This system was comprised of a bunch of little hand-soldered shift-register circuits that powered a number of LEDs.  When chained together, we had a giant strand of individually controllable LED lights.

Of course, we probably wouldn’t have spent all the time soldering these guys together if we had known that there was a readymade solution that accomplished exactly what we were going for.

This is a strand of “Dreamcolor” LEDs.  Unlike the LED strands I’ve used before, this strand doesn’t have to light up all the lights the same color. I purchased these originally for a project that required individually addressable LEDs and was disappointed to find that these LEDs can only be controlled in groups of three.  Each group of three RGB LEDs can have their red green and blue brightnesses selected in software.  There are also marks where you can cut the strand to fit whatever you’re trying to do.

I’ll be covering the protocol and how this all works in a later post, but some quick breadboarding got me this:

So all I had to do was glue these things to my molding, find a way to control them, and power them.

The control portion went off without hitch, and I will cover it at some other time.  Power however was problematic…

High Voltage

One of the goals of this project was to make the circuit more or less invisible when not in use.  The plan was to tuck the circuit up in the corner of my room and have a single cable going up to it to supply power and data.  When transmitting data long distances, a simple 5V TTL bus normally isn’t enough.  There are a lot of opportunities for noise to get coupled on to the data lines and introduce problems.

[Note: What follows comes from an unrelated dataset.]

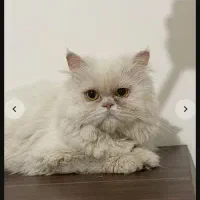 گربه اسکاتیش وبریتیش نر و ماده|گربه|کرج, گوهردشت|دیوار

To avoid this, I typically use RS422.  This differential transmission protocol can cancel out noise coupled on to the line and make a more robust signal.  I’ve used this in the past with my wiper motor project.  This solution requires a long preferably low-cost cable with at least one twisted pair.  I settled on Cat5.

Cat5 ethernet cable is typically used for transmitting data over hundreds of feet in twisted pairs.  Less commonly, it can also be used to transmit power.  This is known as “Power over Ethernet“.  PoE requires special hardware to inject power into the data lines and extract it at the load end.  It’s a pretty complicated system, but the premise behind it is fairly simple.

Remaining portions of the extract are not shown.